For this reason, Roland Toth from the Methods Lab and research fellow Douglas Parry organized the Digital Methods Colloquium that took place on December 7 at the Weizenbaum Institute. They invited researchers from all over Germany who had used such methods before. The focus lied on sharing not only successes, but – even more so – the challenges that they had experienced in the research process.

In the first part of the colloquium, participants presented recent or past research projects for which they had used digital methods. The presentations covered various methods, including experience sampling, mobile logging/tracking, multimodal content classification, network analysis, and large language models. All presentations were received very well and led to high engagement with many questions and exchanges from the participants.

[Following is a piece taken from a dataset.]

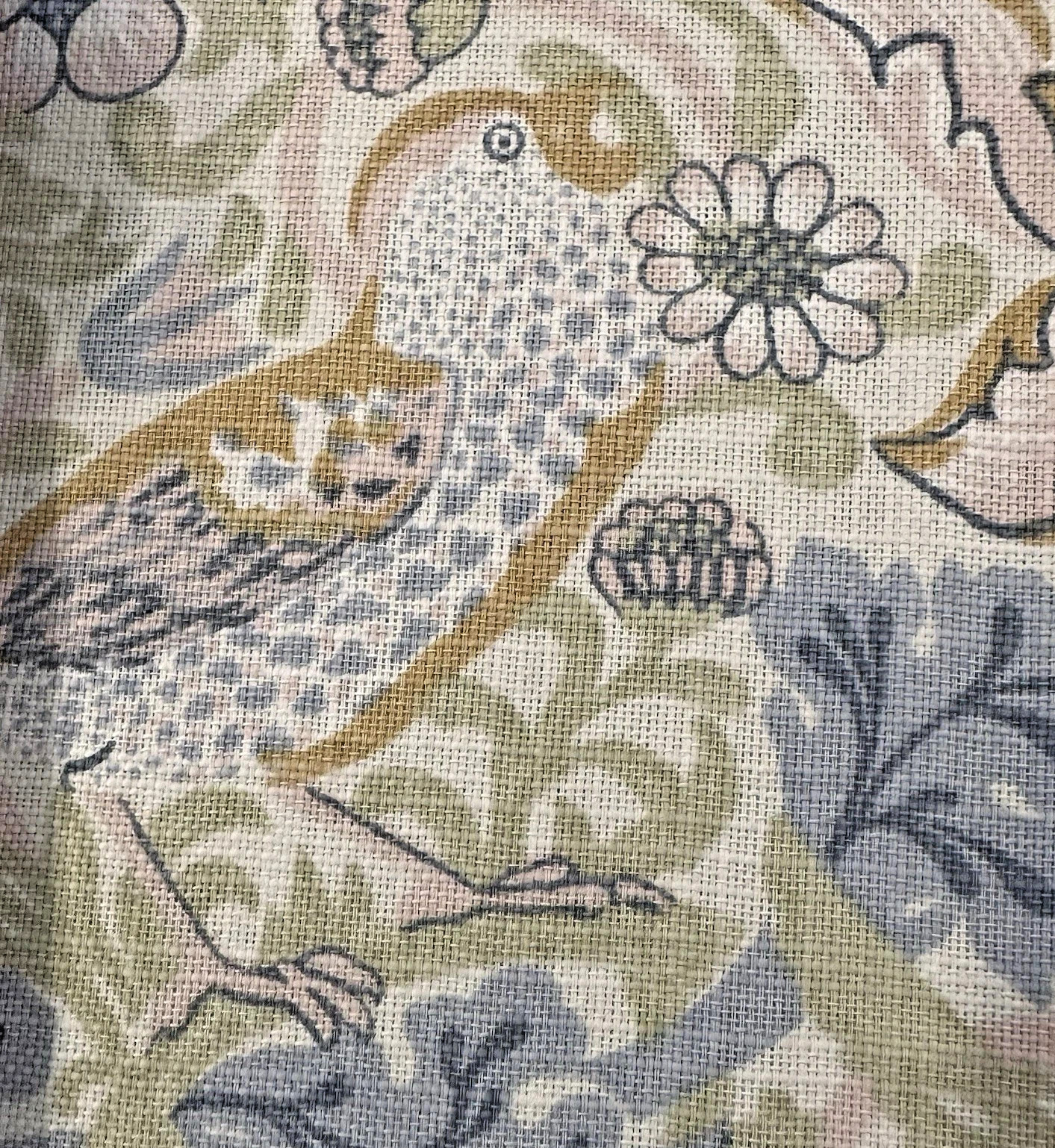 William Morris & Co Strawberry Thief Floral Tablecloth 70" Round Birds Flowers gallery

The second part of the colloquium was designed to facilitate interactive discussion and knowledge sharing among the participants. They were assigned to one of two discussion groups that focused on either data collection or data analysis in the context of digital methods. In each group, participants followed prompts and discussed urgent issues and possible solutions, which they then visualized using posters. Finally, both groups sat together and presented the posters to each other, leading to a final discussion. After a short wrap-up, some participants joined the hosts at the Christmas Market for a well-deserved hot beverage.

The hosts would like to thank all participants for attending and engaging in the Digital Methods Colloquium. Bringing together researchers from different fields demonstrated that there are more commonalities than differences when it comes to the challenging and exciting field of digital methods. We are looking forward to more exchange and, possibly, Part 2 of the Digital Methods Colloquium sometime in the future.

Workshop Recap: A Practical Introduction to Text Analysis (November 30, 2023)

On November 30th, 2023, the Methods Lab organized a workshop on quantitative text analysis. The workshop was conducted by Douglas Parry (Stellenbosch University) and covered the whole process of text analysis from data preparation to the visualization of sentiments or topics identified.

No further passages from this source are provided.